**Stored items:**

▽

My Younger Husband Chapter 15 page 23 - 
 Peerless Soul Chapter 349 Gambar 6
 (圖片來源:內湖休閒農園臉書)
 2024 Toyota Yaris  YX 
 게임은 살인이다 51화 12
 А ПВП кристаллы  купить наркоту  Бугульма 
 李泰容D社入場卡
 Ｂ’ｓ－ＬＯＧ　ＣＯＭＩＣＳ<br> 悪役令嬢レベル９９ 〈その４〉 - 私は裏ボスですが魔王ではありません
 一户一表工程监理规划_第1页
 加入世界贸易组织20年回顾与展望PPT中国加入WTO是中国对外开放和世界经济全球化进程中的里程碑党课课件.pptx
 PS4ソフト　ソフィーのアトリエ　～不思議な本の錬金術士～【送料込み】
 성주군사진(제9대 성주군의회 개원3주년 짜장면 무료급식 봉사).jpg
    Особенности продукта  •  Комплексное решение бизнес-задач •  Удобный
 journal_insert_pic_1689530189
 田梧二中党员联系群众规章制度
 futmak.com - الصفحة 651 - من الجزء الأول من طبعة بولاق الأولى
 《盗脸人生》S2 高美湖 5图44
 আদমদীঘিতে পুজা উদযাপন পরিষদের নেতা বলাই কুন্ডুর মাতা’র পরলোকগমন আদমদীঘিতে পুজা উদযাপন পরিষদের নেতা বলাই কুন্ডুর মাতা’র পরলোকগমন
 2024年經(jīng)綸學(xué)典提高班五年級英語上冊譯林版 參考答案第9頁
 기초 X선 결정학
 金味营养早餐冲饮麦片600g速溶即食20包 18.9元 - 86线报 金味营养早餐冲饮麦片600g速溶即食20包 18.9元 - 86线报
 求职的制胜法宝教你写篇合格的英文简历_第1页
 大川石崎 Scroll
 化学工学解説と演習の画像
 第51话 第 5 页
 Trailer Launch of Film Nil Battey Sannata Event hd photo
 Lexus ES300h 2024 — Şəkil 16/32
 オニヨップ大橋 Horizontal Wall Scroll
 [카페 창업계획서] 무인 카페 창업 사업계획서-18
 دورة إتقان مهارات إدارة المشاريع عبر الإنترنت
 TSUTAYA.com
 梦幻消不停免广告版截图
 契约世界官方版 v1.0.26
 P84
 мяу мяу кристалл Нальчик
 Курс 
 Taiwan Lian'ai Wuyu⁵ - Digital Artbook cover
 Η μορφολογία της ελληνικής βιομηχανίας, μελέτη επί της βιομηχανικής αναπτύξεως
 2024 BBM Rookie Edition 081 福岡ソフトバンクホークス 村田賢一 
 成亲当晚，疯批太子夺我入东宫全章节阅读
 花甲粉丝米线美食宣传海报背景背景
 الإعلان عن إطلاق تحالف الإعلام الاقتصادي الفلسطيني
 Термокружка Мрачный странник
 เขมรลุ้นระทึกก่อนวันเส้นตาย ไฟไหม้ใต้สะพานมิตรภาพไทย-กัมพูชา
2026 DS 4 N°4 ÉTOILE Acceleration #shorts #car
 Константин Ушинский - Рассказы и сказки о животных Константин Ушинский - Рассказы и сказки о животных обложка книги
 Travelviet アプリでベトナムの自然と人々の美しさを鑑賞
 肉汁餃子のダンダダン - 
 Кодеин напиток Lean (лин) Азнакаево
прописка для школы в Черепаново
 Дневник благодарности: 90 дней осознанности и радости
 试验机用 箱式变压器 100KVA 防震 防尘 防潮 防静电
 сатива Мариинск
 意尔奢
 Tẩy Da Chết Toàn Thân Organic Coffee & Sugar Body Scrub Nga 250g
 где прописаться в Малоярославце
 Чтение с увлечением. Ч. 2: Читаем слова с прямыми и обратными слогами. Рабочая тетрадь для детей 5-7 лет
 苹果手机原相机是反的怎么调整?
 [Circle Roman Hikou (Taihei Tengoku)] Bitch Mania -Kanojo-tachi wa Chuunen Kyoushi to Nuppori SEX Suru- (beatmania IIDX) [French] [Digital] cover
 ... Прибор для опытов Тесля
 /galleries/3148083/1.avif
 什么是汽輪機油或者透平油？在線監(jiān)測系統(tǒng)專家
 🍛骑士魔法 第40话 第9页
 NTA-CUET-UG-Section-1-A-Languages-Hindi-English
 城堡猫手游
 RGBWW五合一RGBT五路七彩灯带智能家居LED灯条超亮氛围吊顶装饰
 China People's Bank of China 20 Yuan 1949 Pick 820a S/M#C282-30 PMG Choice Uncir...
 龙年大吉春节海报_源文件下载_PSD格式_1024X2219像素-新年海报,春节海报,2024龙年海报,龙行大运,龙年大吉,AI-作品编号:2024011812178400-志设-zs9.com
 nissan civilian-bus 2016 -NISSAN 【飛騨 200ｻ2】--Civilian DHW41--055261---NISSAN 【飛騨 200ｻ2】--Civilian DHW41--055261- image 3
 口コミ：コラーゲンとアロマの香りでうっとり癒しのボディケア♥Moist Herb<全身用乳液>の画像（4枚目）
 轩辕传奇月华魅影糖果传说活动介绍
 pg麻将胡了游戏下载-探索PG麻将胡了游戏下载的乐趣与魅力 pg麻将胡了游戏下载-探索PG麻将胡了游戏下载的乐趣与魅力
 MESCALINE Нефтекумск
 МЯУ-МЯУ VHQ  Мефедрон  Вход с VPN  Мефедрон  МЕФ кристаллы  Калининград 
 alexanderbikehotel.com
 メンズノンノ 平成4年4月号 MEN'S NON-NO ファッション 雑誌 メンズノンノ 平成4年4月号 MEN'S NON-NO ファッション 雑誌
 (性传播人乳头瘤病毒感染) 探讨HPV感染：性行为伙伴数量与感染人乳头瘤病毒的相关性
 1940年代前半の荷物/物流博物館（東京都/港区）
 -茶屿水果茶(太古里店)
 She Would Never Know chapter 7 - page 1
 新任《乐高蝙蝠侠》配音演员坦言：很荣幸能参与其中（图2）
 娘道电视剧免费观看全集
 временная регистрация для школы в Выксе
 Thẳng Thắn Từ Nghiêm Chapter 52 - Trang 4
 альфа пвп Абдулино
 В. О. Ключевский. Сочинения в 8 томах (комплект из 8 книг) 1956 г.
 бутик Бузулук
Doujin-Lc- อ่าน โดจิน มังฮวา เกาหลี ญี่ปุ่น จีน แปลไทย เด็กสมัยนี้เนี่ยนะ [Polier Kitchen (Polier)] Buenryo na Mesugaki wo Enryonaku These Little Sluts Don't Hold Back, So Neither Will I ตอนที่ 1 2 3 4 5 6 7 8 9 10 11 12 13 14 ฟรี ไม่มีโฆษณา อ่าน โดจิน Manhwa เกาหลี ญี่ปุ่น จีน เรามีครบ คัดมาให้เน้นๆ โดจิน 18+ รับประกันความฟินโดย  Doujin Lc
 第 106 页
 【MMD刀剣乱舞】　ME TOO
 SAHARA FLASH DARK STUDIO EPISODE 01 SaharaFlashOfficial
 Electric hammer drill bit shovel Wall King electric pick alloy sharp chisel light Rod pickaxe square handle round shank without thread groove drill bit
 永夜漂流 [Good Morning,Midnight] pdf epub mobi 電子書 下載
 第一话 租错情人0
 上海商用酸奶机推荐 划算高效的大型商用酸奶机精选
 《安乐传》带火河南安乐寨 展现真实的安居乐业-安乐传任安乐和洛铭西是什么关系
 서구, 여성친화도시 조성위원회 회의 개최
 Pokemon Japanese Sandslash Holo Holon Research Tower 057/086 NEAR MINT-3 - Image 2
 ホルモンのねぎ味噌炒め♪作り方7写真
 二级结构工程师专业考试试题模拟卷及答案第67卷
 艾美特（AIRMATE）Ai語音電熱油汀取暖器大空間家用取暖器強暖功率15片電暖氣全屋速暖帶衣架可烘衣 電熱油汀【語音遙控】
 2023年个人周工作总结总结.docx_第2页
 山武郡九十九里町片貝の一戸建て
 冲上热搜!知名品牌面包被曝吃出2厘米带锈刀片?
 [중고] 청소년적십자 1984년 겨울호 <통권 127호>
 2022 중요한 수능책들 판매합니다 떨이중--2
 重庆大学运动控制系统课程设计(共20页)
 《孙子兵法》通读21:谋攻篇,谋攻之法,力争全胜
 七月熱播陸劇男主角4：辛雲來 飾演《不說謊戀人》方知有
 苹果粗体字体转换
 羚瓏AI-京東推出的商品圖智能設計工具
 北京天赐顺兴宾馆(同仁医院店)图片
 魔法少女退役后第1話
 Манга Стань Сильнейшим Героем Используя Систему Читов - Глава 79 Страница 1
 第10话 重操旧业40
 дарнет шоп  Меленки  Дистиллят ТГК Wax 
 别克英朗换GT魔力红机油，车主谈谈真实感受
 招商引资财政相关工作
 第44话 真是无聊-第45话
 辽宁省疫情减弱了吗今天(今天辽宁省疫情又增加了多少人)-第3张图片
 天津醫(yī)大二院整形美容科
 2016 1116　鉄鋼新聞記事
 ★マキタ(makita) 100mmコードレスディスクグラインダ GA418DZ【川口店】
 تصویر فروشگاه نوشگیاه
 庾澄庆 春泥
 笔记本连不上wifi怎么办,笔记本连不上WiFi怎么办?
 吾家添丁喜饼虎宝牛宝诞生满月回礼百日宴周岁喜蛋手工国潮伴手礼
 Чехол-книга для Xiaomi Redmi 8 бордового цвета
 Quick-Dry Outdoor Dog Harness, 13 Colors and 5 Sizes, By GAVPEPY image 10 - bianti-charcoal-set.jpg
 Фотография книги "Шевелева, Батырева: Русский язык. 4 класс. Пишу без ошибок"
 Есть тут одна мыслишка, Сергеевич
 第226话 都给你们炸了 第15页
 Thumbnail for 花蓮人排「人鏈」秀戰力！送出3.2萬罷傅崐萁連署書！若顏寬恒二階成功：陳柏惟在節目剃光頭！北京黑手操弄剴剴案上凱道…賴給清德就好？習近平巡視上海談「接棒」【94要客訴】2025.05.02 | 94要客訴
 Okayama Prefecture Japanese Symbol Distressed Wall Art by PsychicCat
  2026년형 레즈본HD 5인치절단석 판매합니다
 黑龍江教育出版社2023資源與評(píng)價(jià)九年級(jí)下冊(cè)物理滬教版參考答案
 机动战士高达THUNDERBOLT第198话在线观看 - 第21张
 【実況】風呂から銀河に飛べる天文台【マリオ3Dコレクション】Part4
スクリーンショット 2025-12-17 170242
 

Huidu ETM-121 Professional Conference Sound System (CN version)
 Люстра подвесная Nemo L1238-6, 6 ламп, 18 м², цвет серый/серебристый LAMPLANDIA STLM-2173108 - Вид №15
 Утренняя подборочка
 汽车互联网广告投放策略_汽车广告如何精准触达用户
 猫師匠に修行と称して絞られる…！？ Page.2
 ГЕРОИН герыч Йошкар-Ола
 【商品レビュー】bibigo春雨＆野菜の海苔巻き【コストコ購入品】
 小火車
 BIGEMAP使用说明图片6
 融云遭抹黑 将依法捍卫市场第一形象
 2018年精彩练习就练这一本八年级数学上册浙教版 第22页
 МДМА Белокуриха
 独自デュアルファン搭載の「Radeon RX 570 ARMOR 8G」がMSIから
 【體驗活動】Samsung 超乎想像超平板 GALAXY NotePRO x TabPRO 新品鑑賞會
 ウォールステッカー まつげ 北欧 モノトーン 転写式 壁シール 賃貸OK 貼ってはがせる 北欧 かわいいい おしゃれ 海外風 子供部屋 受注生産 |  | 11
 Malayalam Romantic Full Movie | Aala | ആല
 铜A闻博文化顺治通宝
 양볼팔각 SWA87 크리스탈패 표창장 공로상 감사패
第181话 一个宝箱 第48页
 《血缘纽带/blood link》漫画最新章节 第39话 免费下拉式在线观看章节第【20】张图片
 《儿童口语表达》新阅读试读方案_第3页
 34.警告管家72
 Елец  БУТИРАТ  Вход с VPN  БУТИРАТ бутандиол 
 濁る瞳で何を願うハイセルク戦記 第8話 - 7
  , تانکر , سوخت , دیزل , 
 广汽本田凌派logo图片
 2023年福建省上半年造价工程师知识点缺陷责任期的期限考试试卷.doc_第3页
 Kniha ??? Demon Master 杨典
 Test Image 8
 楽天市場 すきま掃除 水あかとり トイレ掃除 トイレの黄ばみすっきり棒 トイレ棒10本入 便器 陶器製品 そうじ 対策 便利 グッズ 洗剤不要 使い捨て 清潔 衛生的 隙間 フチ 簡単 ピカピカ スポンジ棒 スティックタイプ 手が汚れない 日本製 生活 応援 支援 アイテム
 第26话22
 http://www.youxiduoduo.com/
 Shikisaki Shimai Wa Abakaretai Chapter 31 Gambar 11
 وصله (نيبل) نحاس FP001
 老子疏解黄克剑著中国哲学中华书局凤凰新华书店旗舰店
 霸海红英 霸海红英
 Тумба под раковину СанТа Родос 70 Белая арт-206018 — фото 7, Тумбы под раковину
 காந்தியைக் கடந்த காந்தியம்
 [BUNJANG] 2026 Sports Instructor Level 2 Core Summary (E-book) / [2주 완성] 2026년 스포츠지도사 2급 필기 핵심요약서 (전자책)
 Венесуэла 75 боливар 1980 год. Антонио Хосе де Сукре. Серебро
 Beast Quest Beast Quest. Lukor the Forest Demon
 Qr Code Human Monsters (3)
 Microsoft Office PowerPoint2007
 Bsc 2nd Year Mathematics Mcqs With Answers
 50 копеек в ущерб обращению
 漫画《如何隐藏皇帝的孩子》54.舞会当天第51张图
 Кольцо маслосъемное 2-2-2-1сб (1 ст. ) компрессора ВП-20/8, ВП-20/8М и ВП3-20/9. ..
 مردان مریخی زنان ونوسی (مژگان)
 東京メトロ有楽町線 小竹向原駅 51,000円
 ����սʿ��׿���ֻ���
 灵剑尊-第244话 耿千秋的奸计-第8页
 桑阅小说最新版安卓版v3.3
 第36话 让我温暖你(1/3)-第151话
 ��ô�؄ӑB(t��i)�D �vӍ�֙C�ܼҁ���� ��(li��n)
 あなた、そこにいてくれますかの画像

△

**Action item:** Transcribe the records above from the line holding "nissan civilian-bus 2016" down to the line holding "В. О. Ключевский.", inclusive, without adding anything.

**Response to the exercise:**
 nissan civilian-bus 2016 -NISSAN 【飛騨 200ｻ2】--Civilian DHW41--055261---NISSAN 【飛騨 200ｻ2】--Civilian DHW41--055261- image 3
 口コミ：コラーゲンとアロマの香りでうっとり癒しのボディケア♥Moist Herb<全身用乳液>の画像（4枚目）
 轩辕传奇月华魅影糖果传说活动介绍
 pg麻将胡了游戏下载-探索PG麻将胡了游戏下载的乐趣与魅力 pg麻将胡了游戏下载-探索PG麻将胡了游戏下载的乐趣与魅力
 MESCALINE Нефтекумск
 МЯУ-МЯУ VHQ  Мефедрон  Вход с VPN  Мефедрон  МЕФ кристаллы  Калининград 
 alexanderbikehotel.com
 メンズノンノ 平成4年4月号 MEN'S NON-NO ファッション 雑誌 メンズノンノ 平成4年4月号 MEN'S NON-NO ファッション 雑誌
 (性传播人乳头瘤病毒感染) 探讨HPV感染：性行为伙伴数量与感染人乳头瘤病毒的相关性
 1940年代前半の荷物/物流博物館（東京都/港区）
 -茶屿水果茶(太古里店)
 She Would Never Know chapter 7 - page 1
 新任《乐高蝙蝠侠》配音演员坦言：很荣幸能参与其中（图2）
 娘道电视剧免费观看全集
 временная регистрация для школы в Выксе
 Thẳng Thắn Từ Nghiêm Chapter 52 - Trang 4
 альфа пвп Абдулино
 В. О. Ключевский. Сочинения в 8 томах (комплект из 8 книг) 1956 г.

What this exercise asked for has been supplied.